Même chose pour la conduite en état d'ébriété sans accident: elle ne sera découverte qu'au gré des opérations ou des arrestations inopinées.

Mais la théorie conservatrice veut que les crimes soient sous-dénoncés, en particulier parce que les victimes n'auraient pas confiance dans le système judiciaire. Et ce manque de confiance viendrait de la trop grande clémence du système.

Les agressions sexuelles ont de tout temps été un crime sous-dénoncé. Mais les choses ont passablement changé depuis 25 ans avec l'adoption de nombreuses mesures de protection des victimes.

M. Boisvenu a raison de dire que les disparitions devraient être compilées.

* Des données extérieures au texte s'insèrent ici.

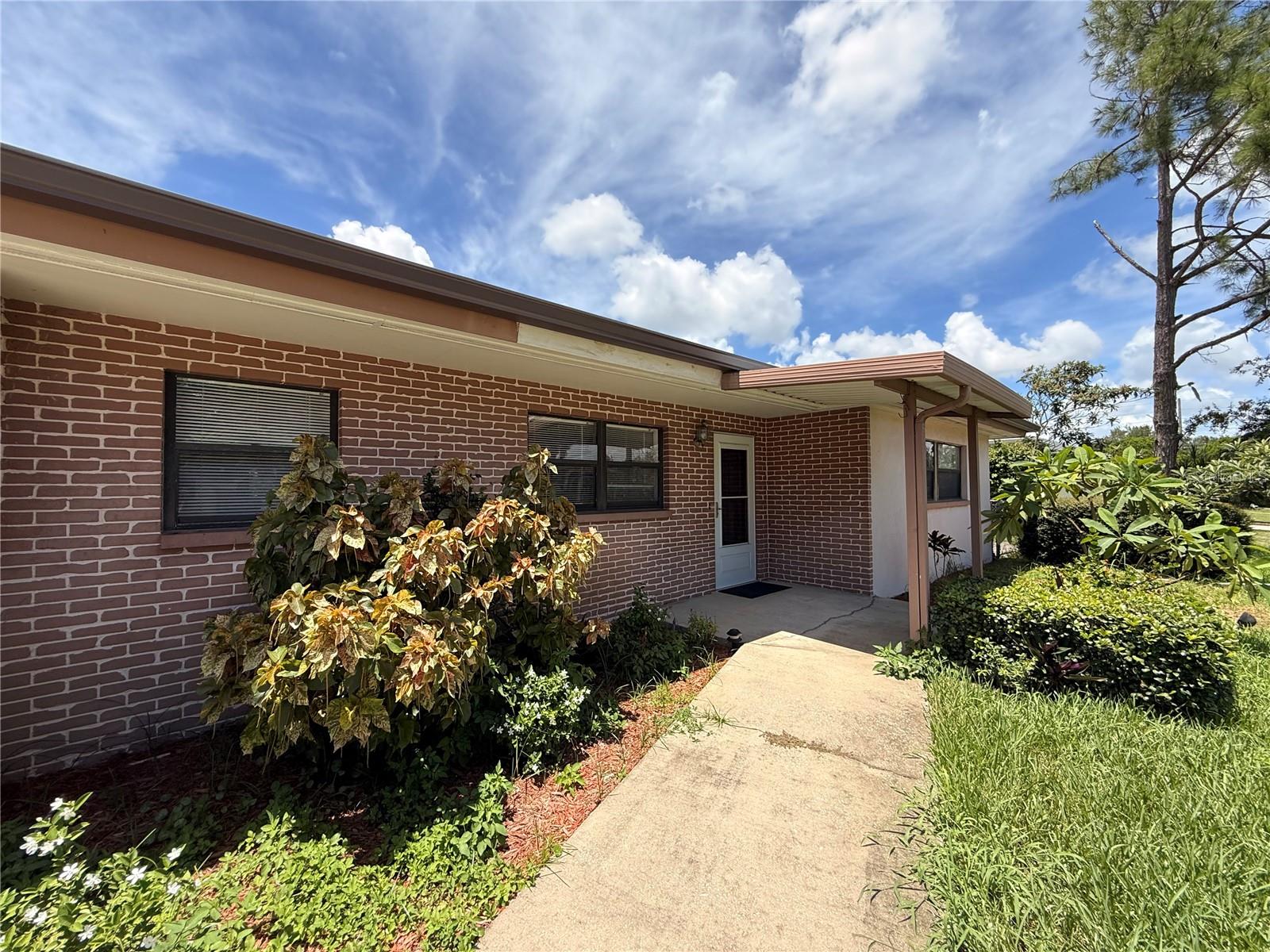 Photo of 164 PINEWOOD AVENUE CLEARWATER FL 33765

Il serait intéressant, également, de savoir quel pourcentage des crimes ont été commis par des gens en libération conditionnelle ou libérés sous caution - Newark suggère que cette information est écartée pour ne pas faire mal paraître le système.

Mais quelles que soient les critiques qu'on peut adresser aux études de StatCan, certaines données sont difficilement contestables - celles sur les crimes les plus graves: l'homicide et la tentative de meurtre.

On peut en effet tenir pour acquis que les meurtres sont tous signalés à la police - sauf cas rarissimes. Même chose pour les tentatives de meurtre.

Il y a eu 538 meurtres au Canada en 1999 et 610 en 2009. (Pendant cette période, une seule province a connu une baisse, et elle est spectaculaire: le nombre d'homicides au Québec est passé de 137 en 1999 à 88 en 2009). Compte tenu de l'augmentation de la population, le taux d'homicides est demeuré stable, de 1,77 à 1,81 pour 100 000 habitants. C'est vrai, plus de gens ont été tués, ce qui est grave en soi, mais c'est le taux d'homicides qui nous donne un portrait général qui permet de nous comparer aux États-Unis (5,5), au Brésil (25) ou à l'Allemagne (0,9). Ajoutons que, à la fin des années 70, il y avait au Canada 700 meurtres par année pour une population beaucoup moins nombreuse.

La thèse conservatrice qui circule depuis plusieurs années veut que les progrès de la médecine d'urgence aient sauvé plusieurs victimes, ce qui fait que la diminution du nombre et du taux d'homicides ne reflète aucunement une diminution de la violence.

Si c'était vrai, on verrait en conséquence une augmentation du nombre de tentatives de meurtre. Ça ne s'est pas produit. Le taux de tentatives de meurtre suit la même courbe que les meurtres depuis 20 ans, et leur nombre absolu a également baissé comparativement aux années 70.

Quand on sait que Me Newark est un consultant en matière de sécurité publique auprès du gouvernement Harper, et quand on voit les mesures adoptées par les conservateurs, on voit que cette guerre de chiffres illustre bien autre chose qu'une querelle entre statisticiens. Il y a un projet de réforme en oeuvre.

Les experts du domaine ont été unanimes à décrier l'analyse de Scott Newark. Mais on sait que, en environnement comme en droit criminel, les conservateurs n'ont que faire des experts, tous suspects de libéralisme rampant.

Ces études bidon servent essentiellement à prétendre qu'il y a une controverse dans le domaine et, éventuellement, à asseoir des réformes du droit criminel qui ont démontré leur inefficacité et leurs coûts ruineux aux États-Unis.